Часть I Часть II Matt Feeney - калифорнийский писатель, автор книги "Little Platoons: A defense of family in a competitive age" ("Маленькие взводы: защита семьи в эпоху конкуренции") - в
статье в "Unherd" утверждает, что читатели-мужчины теперь движимы высокомерием:
"Странный и о многом говорящий литературный пустячок состоит в том, что двое из величайших англоязычных писателей последнего полувека - Кормак Маккарти и Дон Делилло - в детстве не были активными читателями. Оба они начали читать в юности, и, как оказалось, их читательскую страсть в большей степени воспламенил один и тот же автор - Уильям Фолкнер. Я думаю, это тоже показательно. Из этой пары деталей картина зарождающихся литературных амбиций становится чрезвычайно ясной. Будучи молодыми людьми с некоторым трепетным, но несформированным чувством таланта, который они несли в себе, Маккарти и Делилло увлеклись знаменитой прозой Уильяма Фолкнера - приземленной и замысловатой, просторечной в своей музыкальностью и величественной по своему тематическому охвату - и у них примерно в одно время возникло две мысли или предчувствия. Первая - эта вещь удивительна, как величайшая вещь, к которой человек может стремиться и достичь. Вторая - я могу сделать также.

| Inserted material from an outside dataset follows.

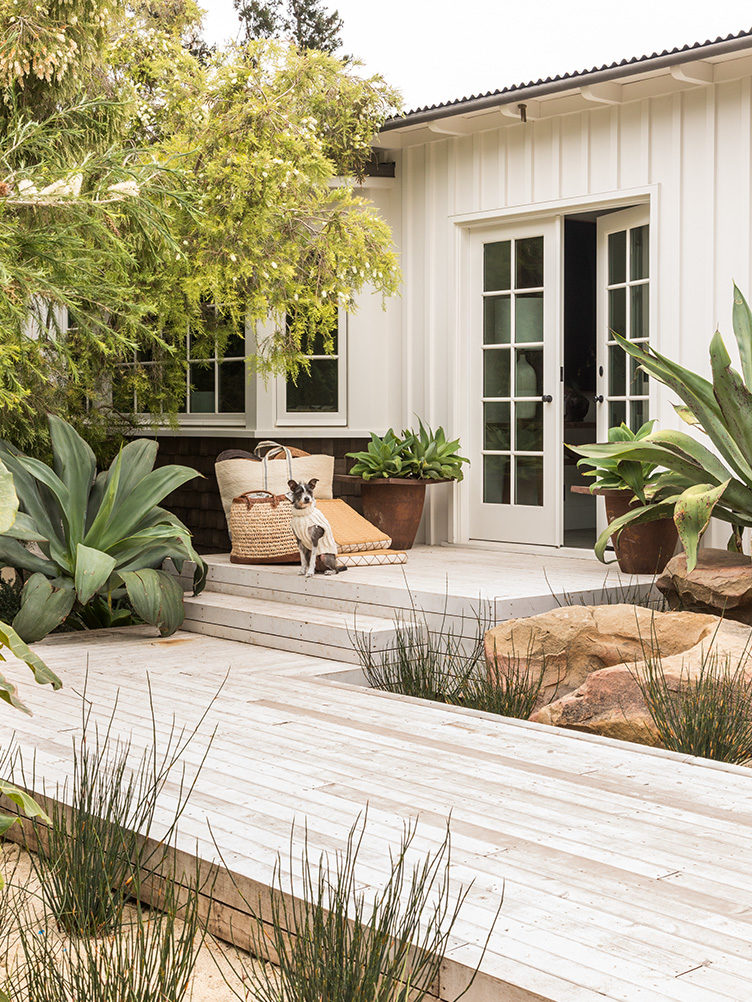 garden ideas, outdoor deck ideas, drought-resistent plantings, California gardens, outdoor living, outdoor furniture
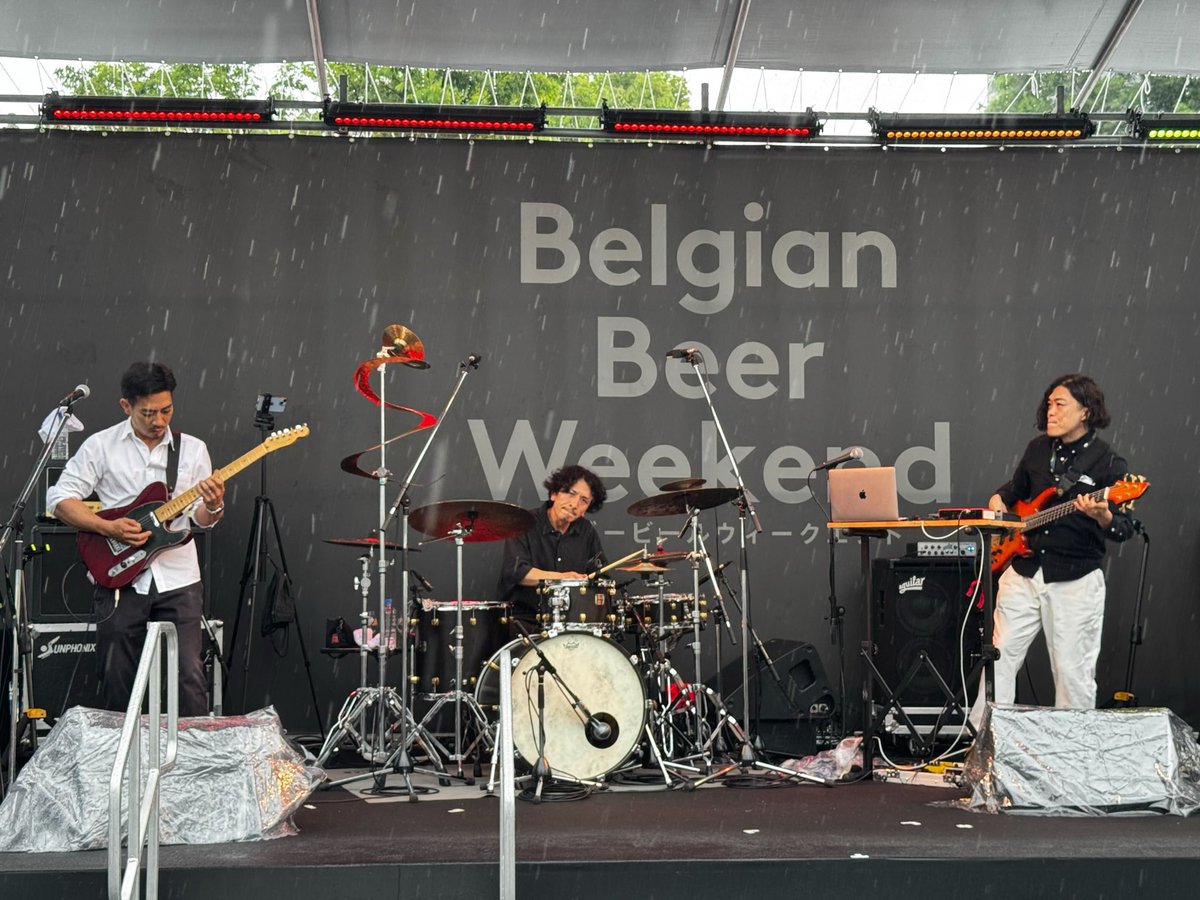 Testa on stage♬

Я думаю, что по мере чтения дух такого письма проникал в них, и вскоре их собственные мысли были пропитаны им, в результате чего их внутренние монологи приобретали ритм, произношение и авторские установки Уильяма Фолкнера. Исходя из этого они пришли к убеждению, что достойны великого стремления писать на его уровне, потому что просто обдумывая свои личные мысли, они уже писали как Уильям Фолкнер. Частицы их опыта уже перемалывались в фолкнеровские предложения, с помощью которых они иногда рассказывали себе о своей жизнь в целом, абзацами.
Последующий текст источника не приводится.